According to David Kay, Kelsang Gyatso departs from Pabongkhapa and Trijang Rinpoche by stating that Dorje Shugden's appearance is enlightened, rather than worldly. According to Kay, "Geshe Kelsang takes the elevation of Dorje Shugden’s ontological status another step further, emphasising that the deity is enlightened in both essence and appearance." He quotes Kelsang Gyatso on Dorje Shugden's appearance: "Some people believe that Dorje Shugdan is an emanation of Manjushri who shows the aspect of a worldly being, but this is incorrect. Even Dorje Shugdan’s form reveals the complete stages of the path of Sutra and Tantra, and such qualities are not possessed by the forms of worldly beings." According to Kay, Kelsang Gyatso downplays the oracle of Shugden, since it conflicts with his notion of Shugden being a Buddha:

[T]he oracle may have been marginalised by Geshe Kelsang because his presence raised a doctrinal ambiguity for the NKT. According to traditional Tibetan teachings, none of the high-ranking supramundane protective deities ‘would condescend to interfere with more or less mundane affairs by speaking through the mouth of a medium’. The notion of oracular divination may thus have been problematised for Geshe Kelsang in light of his portrayal of Dorje Shugden as a fully enlightened being.

===Third-party views===

====Dorje Shugden Practitioners====
According to Dreyfus, "The irony is that Shuk-den is presented by his followers as the protector of the Ge-luk (dge lugs) school, of which the Dalai Lama is the (de facto) leader."

According to Buddhist professor and Nyingma teacher John Markansky:

[S]ome Tibetan monks who now introduce Westerners to practices centred on a native Tibetan deity, without informing them that one of its primary functions has been to assert hegemony over rival sects! [...] Western followers of a few dGe lugs pa monks who worship that deity, lacking any critical awareness of its sectarian functions in Tibet, have recently followed the Dalai Lama to his speaking engagements to protest his strong stance (for non-sectarianism) in the name of their "religious freedom" to promulgate, now in the West, an embodiment of Tibetan sectarianism. If it were not so harmful to persons and traditions, this would surely be one of the funniest examples of the cross-cultural confusion that lack of critical reflection continues to create.
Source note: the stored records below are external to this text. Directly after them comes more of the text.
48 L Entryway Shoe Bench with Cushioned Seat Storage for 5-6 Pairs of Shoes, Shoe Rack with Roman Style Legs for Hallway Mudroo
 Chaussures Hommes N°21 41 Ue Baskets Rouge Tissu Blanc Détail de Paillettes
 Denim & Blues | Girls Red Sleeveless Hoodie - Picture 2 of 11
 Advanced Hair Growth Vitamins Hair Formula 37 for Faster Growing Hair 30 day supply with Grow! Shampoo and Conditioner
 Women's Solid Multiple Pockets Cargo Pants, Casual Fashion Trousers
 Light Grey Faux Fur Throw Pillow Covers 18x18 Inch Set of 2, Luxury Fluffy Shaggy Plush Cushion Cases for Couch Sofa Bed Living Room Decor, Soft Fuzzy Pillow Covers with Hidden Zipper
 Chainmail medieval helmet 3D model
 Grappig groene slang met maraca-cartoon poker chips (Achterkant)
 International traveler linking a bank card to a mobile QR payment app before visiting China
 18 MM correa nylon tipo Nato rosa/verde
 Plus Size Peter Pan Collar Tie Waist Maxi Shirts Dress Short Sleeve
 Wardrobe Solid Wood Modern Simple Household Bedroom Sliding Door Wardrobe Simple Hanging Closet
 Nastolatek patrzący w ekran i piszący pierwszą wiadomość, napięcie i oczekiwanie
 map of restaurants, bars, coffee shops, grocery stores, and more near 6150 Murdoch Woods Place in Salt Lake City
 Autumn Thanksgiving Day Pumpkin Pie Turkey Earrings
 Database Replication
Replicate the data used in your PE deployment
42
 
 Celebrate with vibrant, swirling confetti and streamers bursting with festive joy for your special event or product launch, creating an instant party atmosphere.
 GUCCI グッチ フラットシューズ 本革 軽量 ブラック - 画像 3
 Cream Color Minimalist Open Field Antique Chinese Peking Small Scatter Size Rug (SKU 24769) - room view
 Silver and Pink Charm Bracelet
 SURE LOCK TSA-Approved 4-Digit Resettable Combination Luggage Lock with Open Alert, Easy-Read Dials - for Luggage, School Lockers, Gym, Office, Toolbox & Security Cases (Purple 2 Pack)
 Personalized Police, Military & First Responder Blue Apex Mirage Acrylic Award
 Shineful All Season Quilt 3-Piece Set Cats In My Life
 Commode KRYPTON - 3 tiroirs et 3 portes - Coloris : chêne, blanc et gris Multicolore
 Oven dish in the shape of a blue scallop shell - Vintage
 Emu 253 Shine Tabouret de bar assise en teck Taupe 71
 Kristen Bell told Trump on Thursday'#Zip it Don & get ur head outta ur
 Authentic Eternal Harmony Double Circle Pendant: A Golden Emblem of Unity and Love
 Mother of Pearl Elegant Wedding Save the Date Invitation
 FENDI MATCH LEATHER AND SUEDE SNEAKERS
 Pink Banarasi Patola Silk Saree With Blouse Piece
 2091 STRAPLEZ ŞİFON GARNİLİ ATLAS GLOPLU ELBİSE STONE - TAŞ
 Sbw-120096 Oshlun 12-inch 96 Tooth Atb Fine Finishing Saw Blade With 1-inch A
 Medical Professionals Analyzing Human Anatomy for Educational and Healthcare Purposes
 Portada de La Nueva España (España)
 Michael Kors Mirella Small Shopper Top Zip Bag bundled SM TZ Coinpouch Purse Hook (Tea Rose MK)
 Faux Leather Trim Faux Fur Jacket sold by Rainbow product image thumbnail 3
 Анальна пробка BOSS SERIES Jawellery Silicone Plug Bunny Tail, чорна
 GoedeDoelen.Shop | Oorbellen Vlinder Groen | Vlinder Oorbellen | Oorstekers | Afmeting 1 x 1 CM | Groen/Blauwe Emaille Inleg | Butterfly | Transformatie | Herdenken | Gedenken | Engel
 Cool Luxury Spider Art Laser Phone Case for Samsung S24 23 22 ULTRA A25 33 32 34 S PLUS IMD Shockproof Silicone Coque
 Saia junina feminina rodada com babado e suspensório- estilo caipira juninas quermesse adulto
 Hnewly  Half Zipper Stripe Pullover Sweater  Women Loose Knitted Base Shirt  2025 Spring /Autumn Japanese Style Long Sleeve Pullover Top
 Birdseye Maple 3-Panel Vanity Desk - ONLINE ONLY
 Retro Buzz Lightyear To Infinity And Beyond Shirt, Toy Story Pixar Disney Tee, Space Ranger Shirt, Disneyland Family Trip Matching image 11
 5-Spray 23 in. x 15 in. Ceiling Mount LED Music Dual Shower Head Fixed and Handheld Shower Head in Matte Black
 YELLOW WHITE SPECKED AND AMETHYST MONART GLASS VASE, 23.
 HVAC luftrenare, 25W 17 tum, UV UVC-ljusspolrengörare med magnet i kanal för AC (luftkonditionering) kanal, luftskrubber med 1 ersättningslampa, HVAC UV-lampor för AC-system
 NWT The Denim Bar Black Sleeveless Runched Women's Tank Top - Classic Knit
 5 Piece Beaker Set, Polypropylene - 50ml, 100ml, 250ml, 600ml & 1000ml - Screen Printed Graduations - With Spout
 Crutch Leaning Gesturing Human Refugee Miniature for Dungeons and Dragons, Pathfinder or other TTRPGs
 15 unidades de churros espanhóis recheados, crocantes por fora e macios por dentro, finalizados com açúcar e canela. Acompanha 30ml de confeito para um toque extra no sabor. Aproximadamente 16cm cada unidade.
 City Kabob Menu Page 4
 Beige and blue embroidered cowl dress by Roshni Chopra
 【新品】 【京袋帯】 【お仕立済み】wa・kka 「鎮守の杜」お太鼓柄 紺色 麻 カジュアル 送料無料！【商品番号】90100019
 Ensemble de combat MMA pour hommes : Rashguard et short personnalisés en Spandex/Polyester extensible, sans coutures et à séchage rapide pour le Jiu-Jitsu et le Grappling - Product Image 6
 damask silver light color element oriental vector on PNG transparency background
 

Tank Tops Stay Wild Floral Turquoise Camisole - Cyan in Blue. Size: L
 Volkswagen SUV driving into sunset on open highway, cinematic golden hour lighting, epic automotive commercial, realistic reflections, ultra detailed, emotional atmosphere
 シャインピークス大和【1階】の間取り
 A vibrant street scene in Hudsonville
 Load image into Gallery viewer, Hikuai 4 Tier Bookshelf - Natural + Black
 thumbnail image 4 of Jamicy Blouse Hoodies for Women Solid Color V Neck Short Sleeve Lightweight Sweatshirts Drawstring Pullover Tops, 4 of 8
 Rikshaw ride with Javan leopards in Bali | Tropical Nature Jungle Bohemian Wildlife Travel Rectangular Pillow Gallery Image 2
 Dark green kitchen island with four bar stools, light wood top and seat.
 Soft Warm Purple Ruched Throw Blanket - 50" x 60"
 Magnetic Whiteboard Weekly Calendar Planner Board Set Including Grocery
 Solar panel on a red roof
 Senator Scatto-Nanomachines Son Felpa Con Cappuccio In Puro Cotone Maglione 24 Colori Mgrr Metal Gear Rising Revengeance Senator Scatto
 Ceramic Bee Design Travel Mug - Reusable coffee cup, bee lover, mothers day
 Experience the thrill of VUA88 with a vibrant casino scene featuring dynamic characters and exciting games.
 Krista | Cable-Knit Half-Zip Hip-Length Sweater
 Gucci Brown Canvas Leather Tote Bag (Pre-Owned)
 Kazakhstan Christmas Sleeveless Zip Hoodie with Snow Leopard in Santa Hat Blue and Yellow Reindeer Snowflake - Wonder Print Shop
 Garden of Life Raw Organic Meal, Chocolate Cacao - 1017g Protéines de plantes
====New Kadampa Tradition / Western Shugden Society claims====
Scholar Jane Ardley explains the development of the claims of the WSS:

Worship of this figure is especially popular in eastern Tibet, and the present Dalai Lama prayed to Dorje Shugden for many years. However in 1976 the Dalai Lama announced he was advising against the practice because it was promoting sectarianism, which could potentially damage the Tibetan independence movement. Twenty years later, in 1996, the Dalai Lama went further and announced that members of both government departments and monasteries under the control of the Tibetan exile administration were forbidden from worshipping the spirit because the ‘practice fosters religious intolerance and leads to the degeneration of Buddhism into a cult of spirit worship’. This led to a massive outcry from Shugden supporters, particularly in Britain. The Dalai Lama was accused of religious intolerance and provided an opportunity that was not missed by Beijing, who used the dispute as a further reason to denounce the Dalai Lama.

Chryssides goes on to explain the claims specifically:

The dispute between Kelsang Gyatso and the Dalai Lama admits of no obvious resolution. The Dalai Lama stands accused of restricting the religious freedom of followers of Tibetan Buddhism, and of causing widespread suffering to Shugden supporters, who are not denied access to their protector deity, but who are the victims of persecution, unable to get jobs that relate to the Tibetan government-in-exile (for example, in schools), and are denied humanitarian assistance.

Ardley explains the political nature of the controversy:

the Dalai Lama, as a political leader of the Tibetans, was at fault in forbidding his officials from partaking in a particular religious practice, however undesirable. However, given the two concepts (religious and political) remain interwoven in the present Tibetan perception, an issue of religious controversy was seen as threat to political unity. The Dalai Lama used his political authority to deal with what was and should have remained a purely religious issue. A secular Tibetan state would have guarded against this.Ardley, Jane (2002). "The Tibetan Independence Movement: Political, Religious and Gandhian Perspectives"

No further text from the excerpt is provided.